* _Information provided_
%%
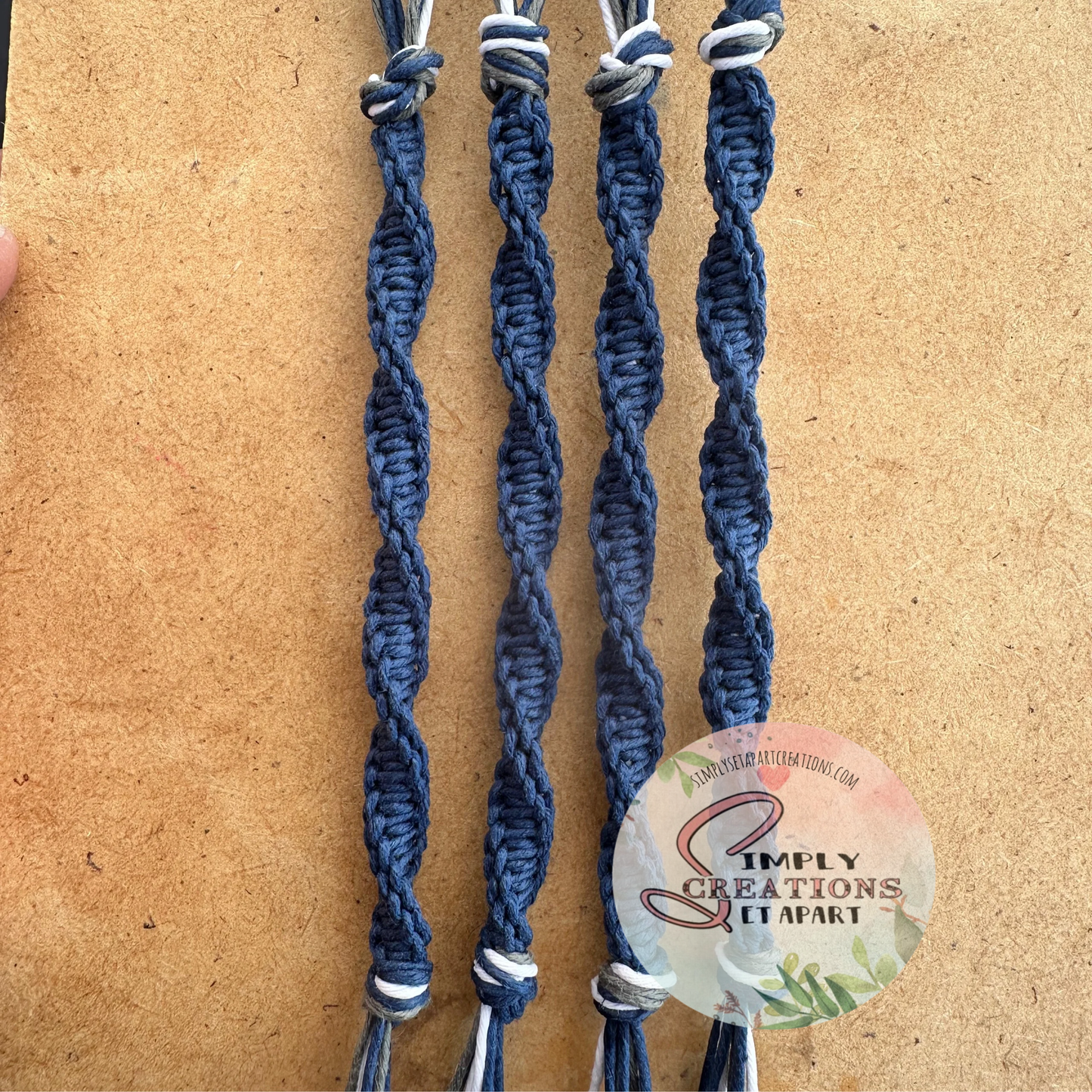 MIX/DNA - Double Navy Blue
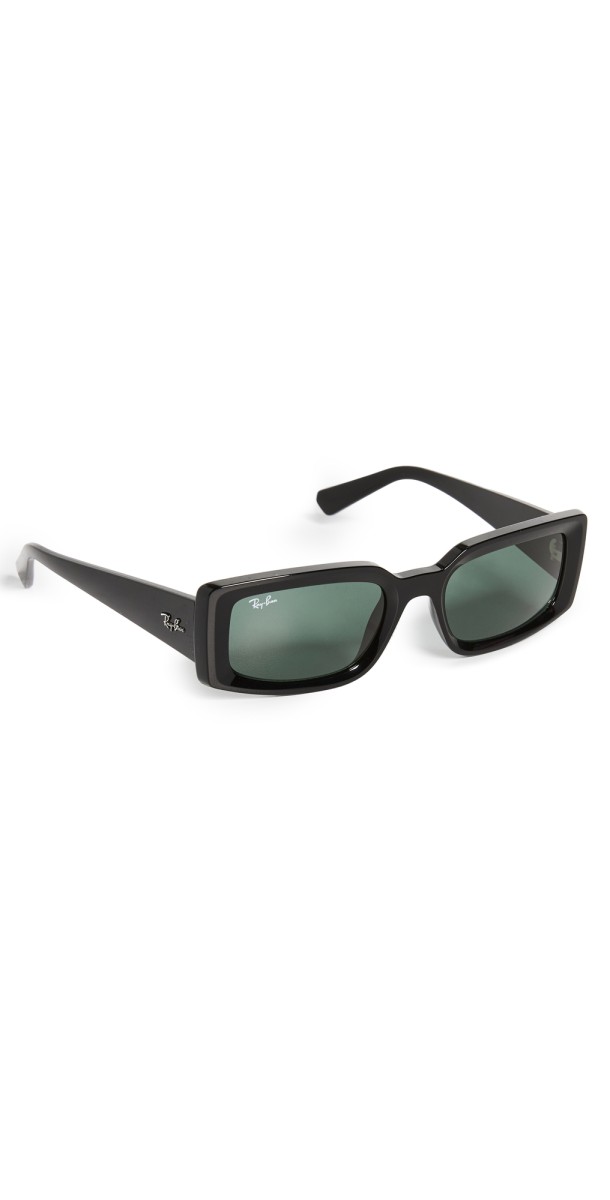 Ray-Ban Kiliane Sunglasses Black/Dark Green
%%
%%
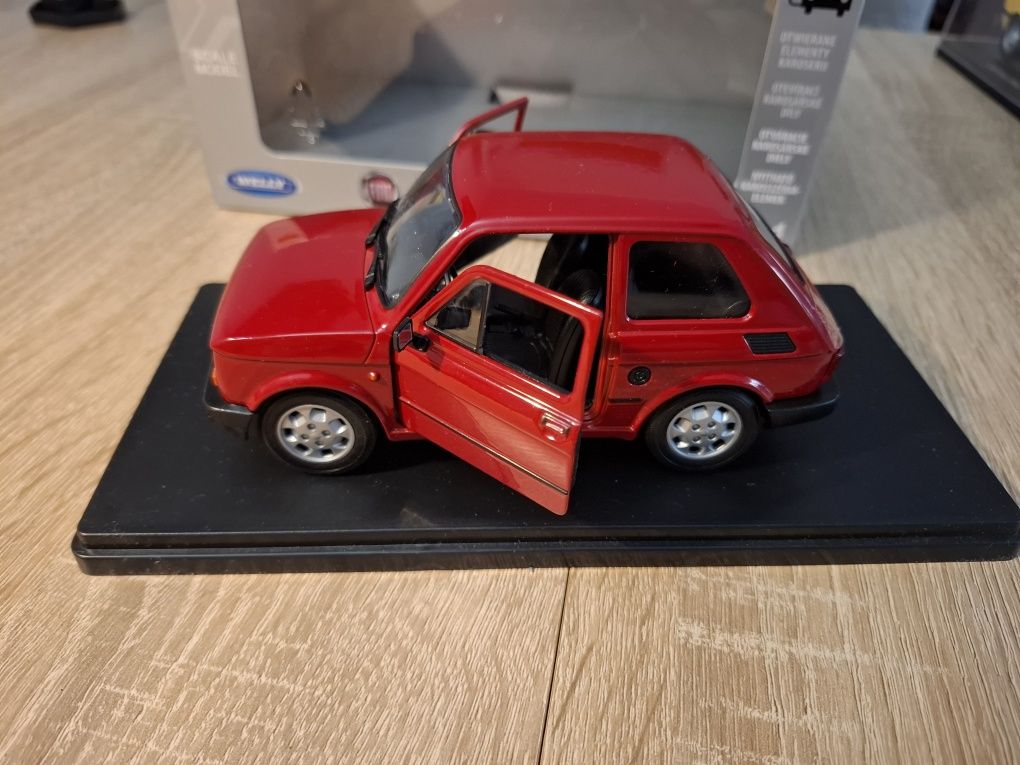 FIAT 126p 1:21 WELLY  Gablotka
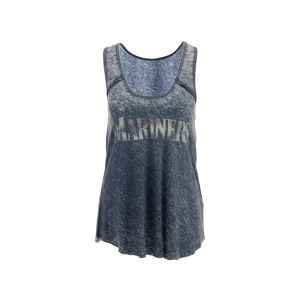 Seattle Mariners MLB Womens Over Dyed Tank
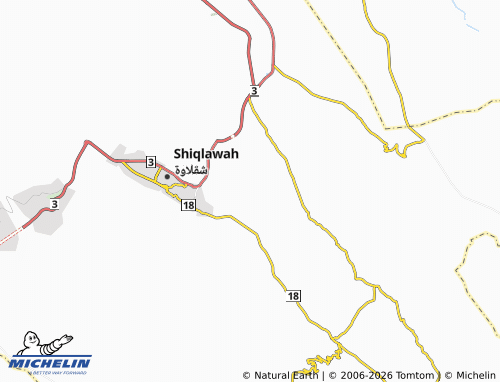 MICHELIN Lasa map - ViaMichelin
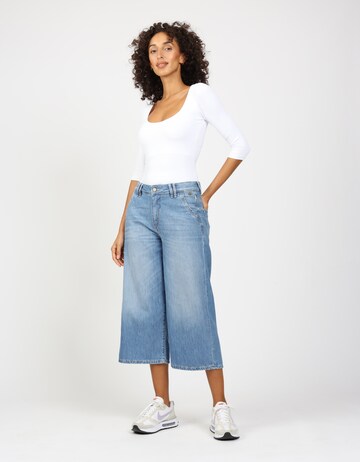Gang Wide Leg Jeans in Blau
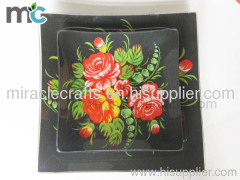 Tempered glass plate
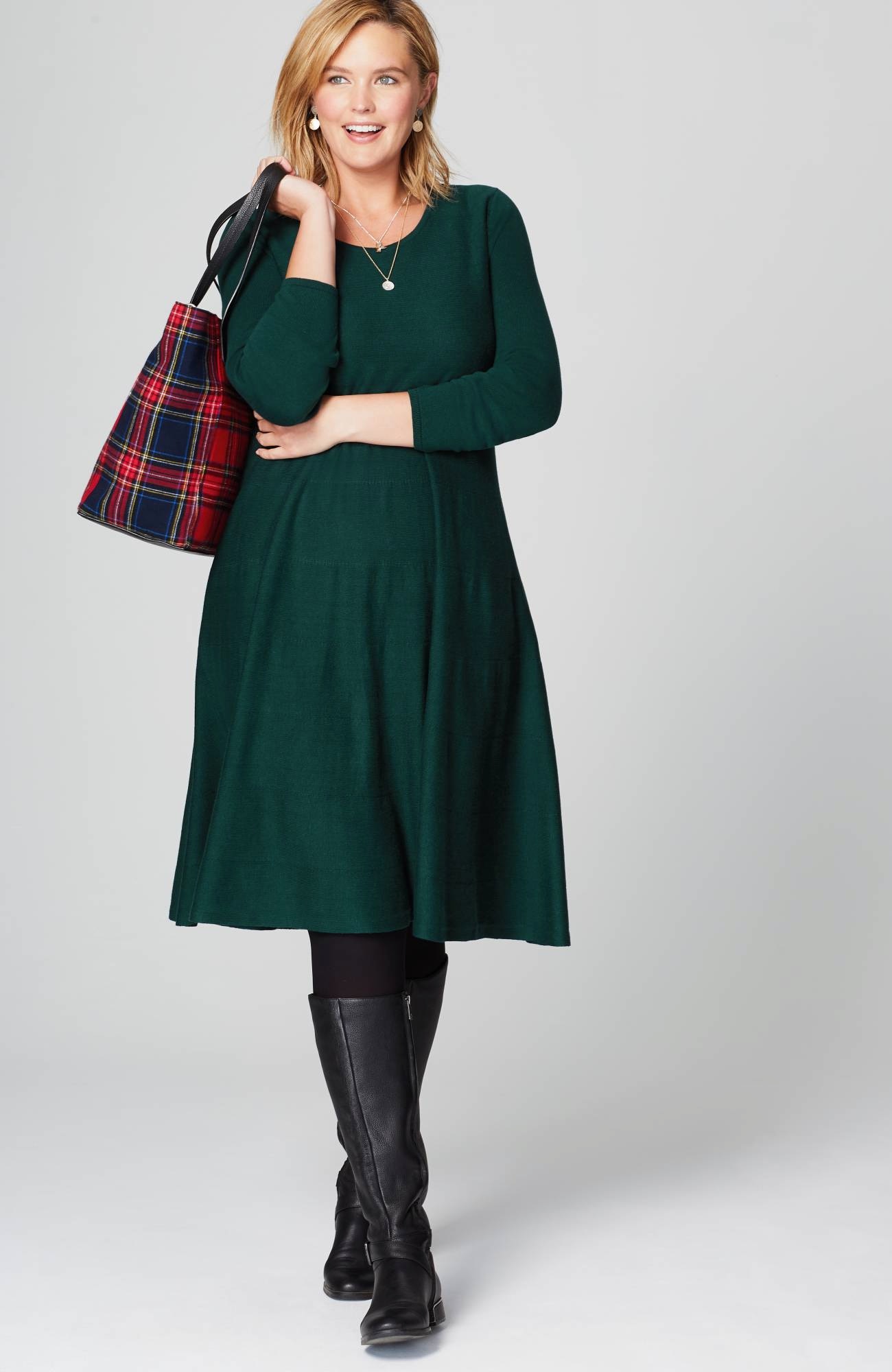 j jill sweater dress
%%
* _Aim of the exercise_
The line holding "MIX/DNA - Double Navy Blue" starts the copy and the line holding "Ray-Ban Kiliane Sunglasses Black/Dark Green" ends it. Repeat those two lines above and all between them exactly, leaving out pictures.

* _Problem solution_
 MIX/DNA - Double Navy Blue
 Ray-Ban Kiliane Sunglasses Black/Dark Green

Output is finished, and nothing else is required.